EMPLOYMENT APPEALS TRIBUNAL
CLAIM OF: CASE NO.
UNFAIR DISMISSALS ACTS, 1977 TO 2007
MINIMUM NOTICE AND TERMS OF EMPLOYMENT ACTS, 1973 TO 2005
I certify that the Tribunal
(Division of Tribunal)
Chairman: Ms P. McGrath B.L.
Members: Mr T. O'Sullivan
Mr J. Flannery
heard this claim at Dublin on 18th June 2013
Claimant: Mr Brendan Frawley, Kennedys, Solicitors, Ulysses House,
Foley Street, Dublin 1
The Tribunal has carefully considered the submissions, legal argument and oral evidence adduced in the course of this hearing.
At this time, the Tribunal is containing itself to considering the issue of determining which of the two named respondents is the correct employer in this situation.
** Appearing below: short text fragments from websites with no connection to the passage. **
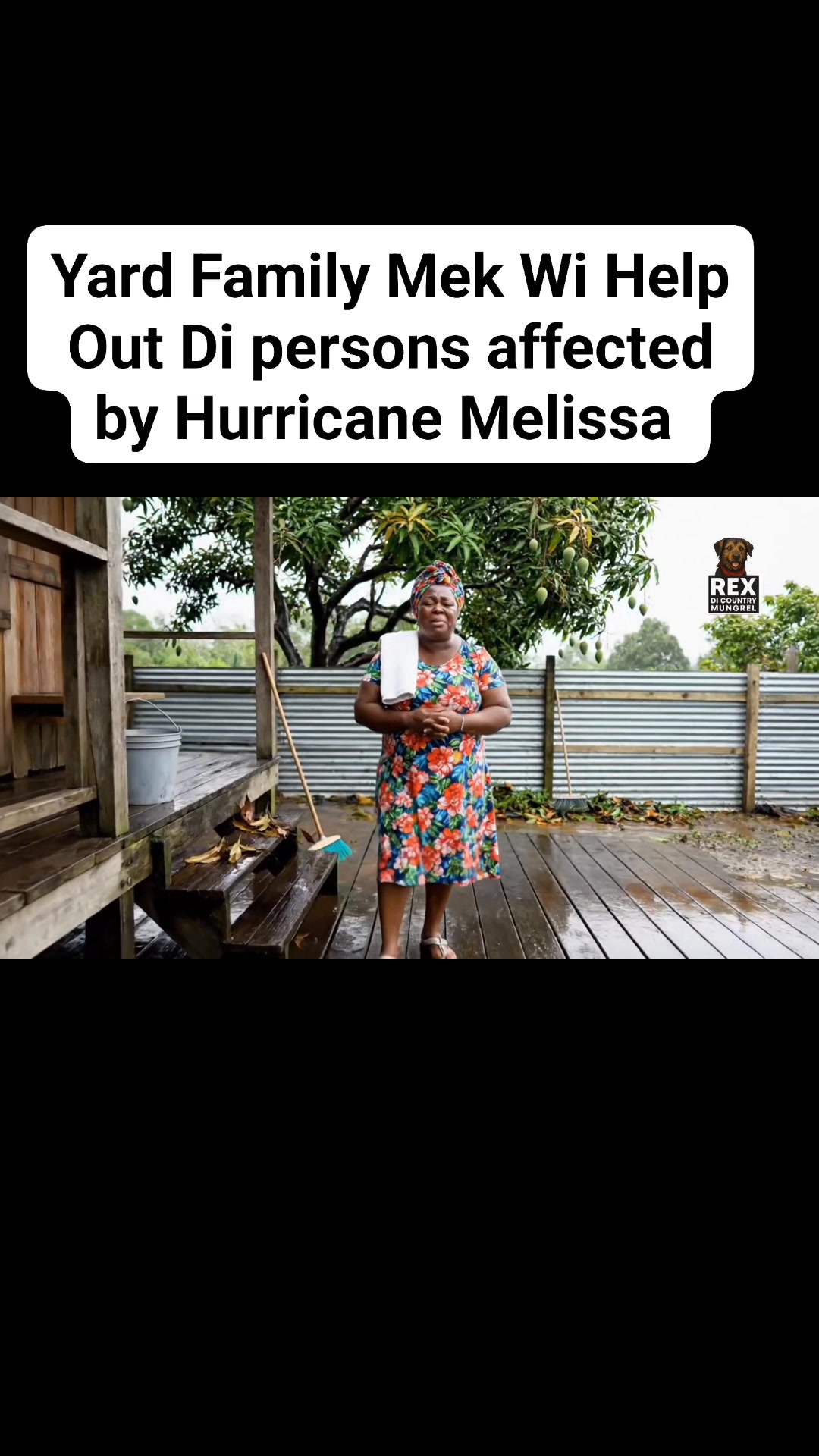 Yard Family, Wi can't sit down and nuh use wi platform fi try help out ...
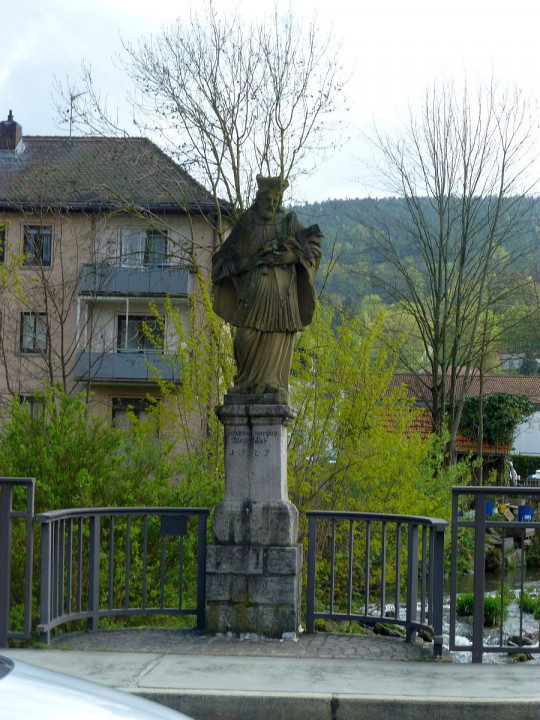 Bad Brückenau Sinnbrücke Nepomuk3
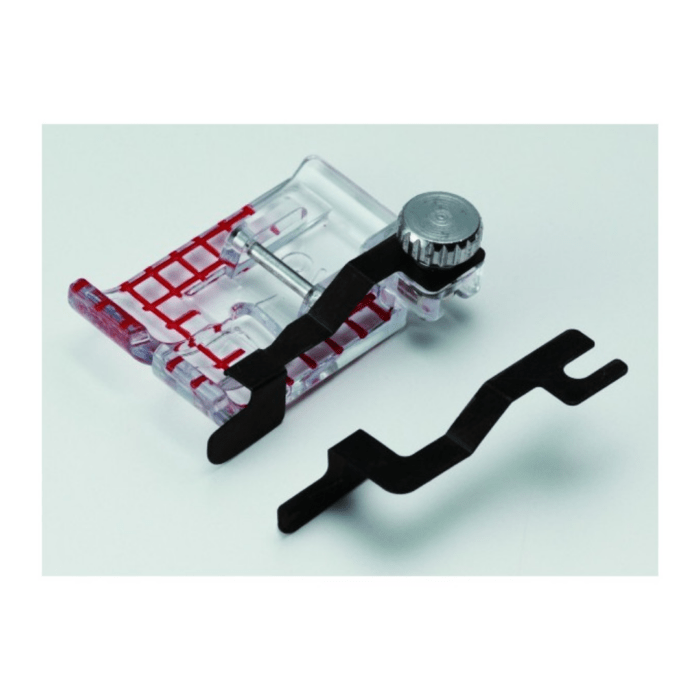 Janome - Set pied transparent 1/4 inch avec 2 guides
Many of the facts are agreed, so for instance it is accepted that the claimant came to the Houses of the Oireachtas in a voluntary capacity and having learnt a little about how things operated was introduced to a T.D. in need of secretarial assistance. It seems that the T.D. in question was fortunate enough to have, over the course of his time in the Dail, up to three parliamentary/ secretarial assistants working for him and in his interests. This was certainly unusual as the funding or allowances only ever allowed for two such vacancies. The claimant worked for the better part of ten years with this T.D. and clearly found her job enjoyable and fulfilling. It is quite possible that during this time the claimant did not have much need to consider who her employer was. There can be no doubt she took her day to day instruction from the T.D. in question but her paycheques were issued by the payroll under the name of The Houses of the Oireachtas. It has been put to the Tribunal that the situation in operation is very much akin to the situation in a national school wherein remuneration is paid directly by the Department of Education though the localised board of management has the exclusive right to hire and dismiss teaching staff.
The Tribunal has been invited to consider the case of Anne Holliday v The Houses of the Oireachtas JR 75/93 wherein the High Court (Keane J) found that the choice of employee was entirely in the gift of the Dail deputy and the Dail deputy is considered the employer. Despite the remuneration coming from the Department of Finance/House of the Oireachtas the employee is not converted to an employee of the Department of Finance. The Tribunal finds that this finding continues to be good law.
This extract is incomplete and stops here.